[DATASET CONTENT]
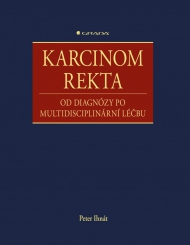 Karcinom rekta, od diagn&oacute;zy po multidisciplin&aacute;rn&iacute; l&eacute;čbu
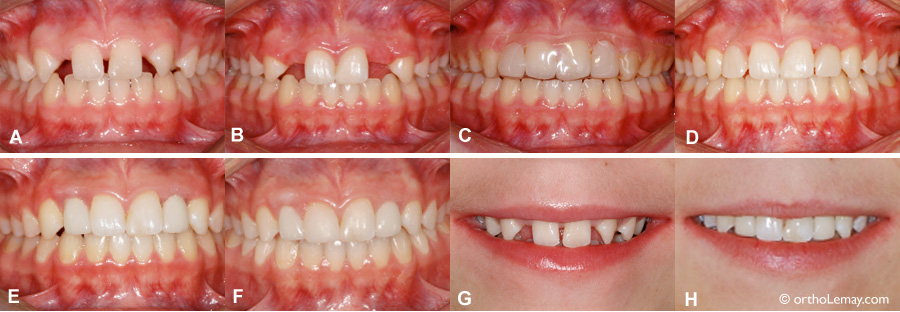 anodontie laterales orthodontie 073239 ST16 summary1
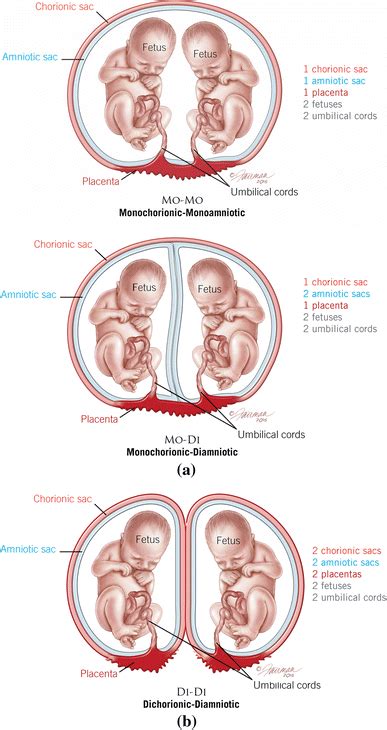 a Monochorionic-monoamniotic twins (MCMA, shown in the top image) have... | Download Scientific ...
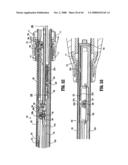 ENDOSCOPIC SURGICAL CLIP APPLIER diagram and image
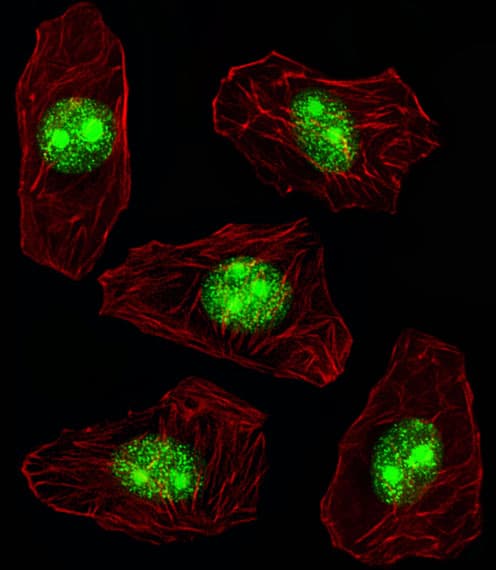 NPM1 / NPM / Nucleophosmin Antibody (aa7-33)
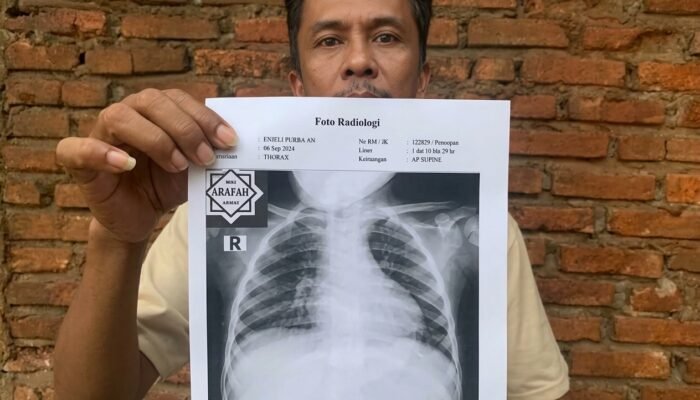Tercekik Asap Karhutla Jambi, Balita Dua Tahun Batuk Berbulan-bulan, Puluhan Ribu Warga Terserang ISPA
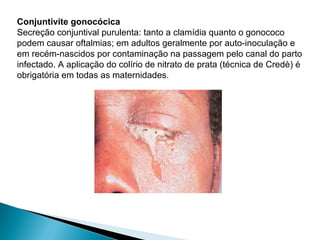 Conjuntivite gonocócica
Secreção conjuntival purulenta: tanto a clamídia quanto o gonococo
podem causar oftalmias; em adultos geralmente por auto-inoculação e
em recém-nascidos por contaminação na passagem pelo canal do parto
infectado. A aplicação do colírio de nitrato de prata (técnica de Credè) é
obrigatória em todas as maternidades.
 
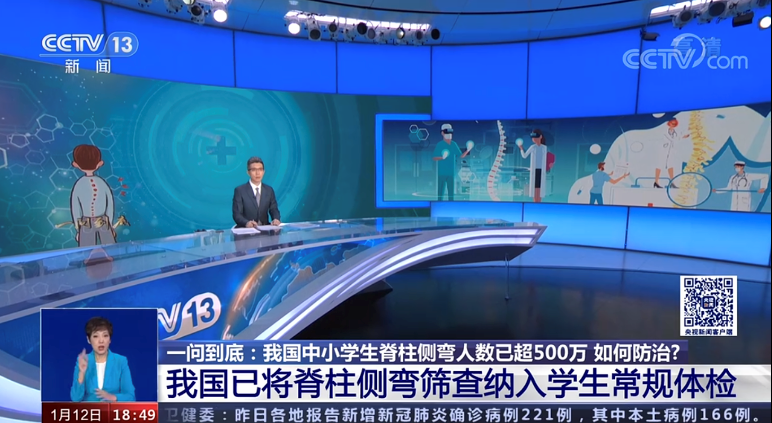 中小学脊柱侧弯有500万-央视新闻报道 侧弯支具相关文章 第4张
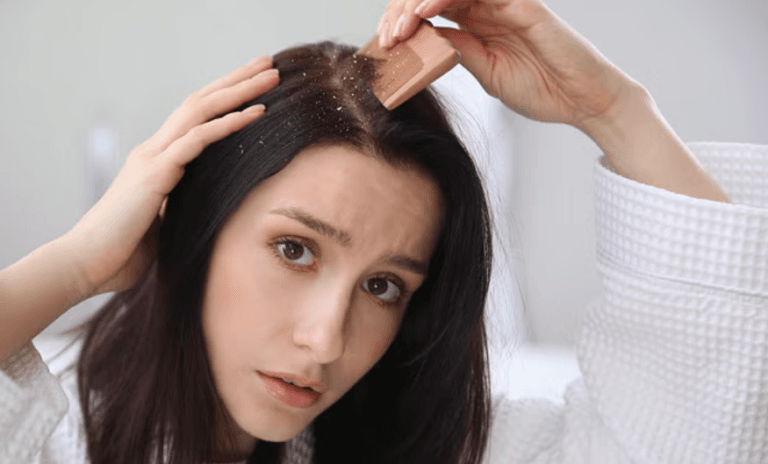 Dandruff Removal Tips: सर्दी खत्म होने के बाद भी नहीं जा रही सिर पर जमा रूसी तो ये नुस्खे आजमाकर देख लें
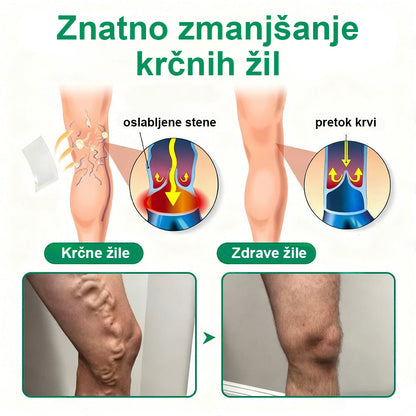 Posebna ponudba: do 70 % popusta! 🎁 Twisma® VeinTarget – napredni mikroobliž za krčne žile 🔥 96 % klinično dokazana učinkovitost ⚡ Vidni rezultati že v 7–14 dneh 🌿 Nežen podporni učinek za lažje in sproščene noge 🦵💪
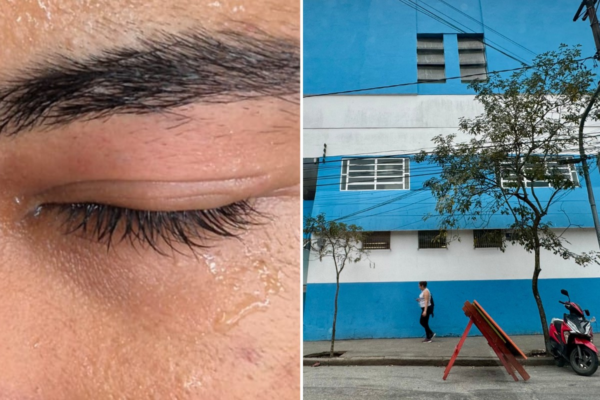 Aluno é agredido durante aula de educação física e sofre inflamação no olho em escola do litoral de SP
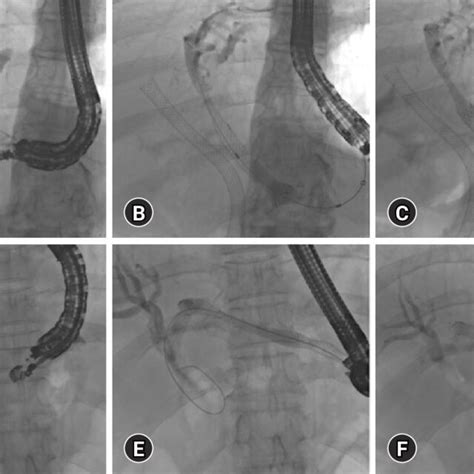 Endoscopic Ultrasound Eus Guided Hepatico Gastrostomy Hgs A C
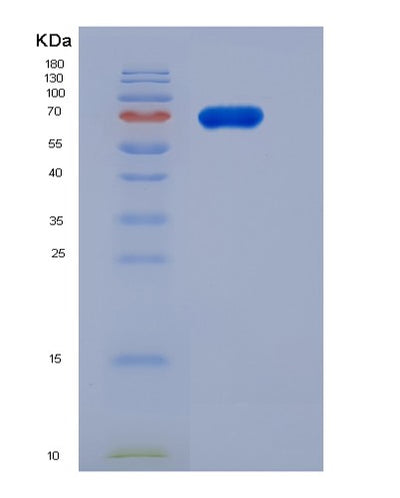 SDS-PAGE analysis of Human FAM20B (Glycosaminoglycan Xylosylkinase) - Recombinant Protein, CAT# BLT-05506P, showing >95% purity under 15% SDS-PAGE (Reduced)Human FAM20B (Glycosaminoglycan Xylosylkinase) - Recombinant Protein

[WHAT YOU SHOULD DO]
Only the lines from the one containing "anodontie laterales orthodontie" through the last line of the entries above should be copied, exactly as they are and without the pictures.

[TASK RESPONSE]
 anodontie laterales orthodontie 073239 ST16 summary1
 a Monochorionic-monoamniotic twins (MCMA, shown in the top image) have... | Download Scientific ...
 ENDOSCOPIC SURGICAL CLIP APPLIER diagram and image
 NPM1 / NPM / Nucleophosmin Antibody (aa7-33)
Tercekik Asap Karhutla Jambi, Balita Dua Tahun Batuk Berbulan-bulan, Puluhan Ribu Warga Terserang ISPA
 Conjuntivite gonocócica
Secreção conjuntival purulenta: tanto a clamídia quanto o gonococo
podem causar oftalmias; em adultos geralmente por auto-inoculação e
em recém-nascidos por contaminação na passagem pelo canal do parto
infectado. A aplicação do colírio de nitrato de prata (técnica de Credè) é
obrigatória em todas as maternidades.
 
 中小学脊柱侧弯有500万-央视新闻报道 侧弯支具相关文章 第4张
 Dandruff Removal Tips: सर्दी खत्म होने के बाद भी नहीं जा रही सिर पर जमा रूसी तो ये नुस्खे आजमाकर देख लें
 Posebna ponudba: do 70 % popusta! 🎁 Twisma® VeinTarget – napredni mikroobliž za krčne žile 🔥 96 % klinično dokazana učinkovitost ⚡ Vidni rezultati že v 7–14 dneh 🌿 Nežen podporni učinek za lažje in sproščene noge 🦵💪
 Aluno é agredido durante aula de educação física e sofre inflamação no olho em escola do litoral de SP
 Endoscopic Ultrasound Eus Guided Hepatico Gastrostomy Hgs A C
 SDS-PAGE analysis of Human FAM20B (Glycosaminoglycan Xylosylkinase) - Recombinant Protein, CAT# BLT-05506P, showing >95% purity under 15% SDS-PAGE (Reduced)Human FAM20B (Glycosaminoglycan Xylosylkinase) - Recombinant Protein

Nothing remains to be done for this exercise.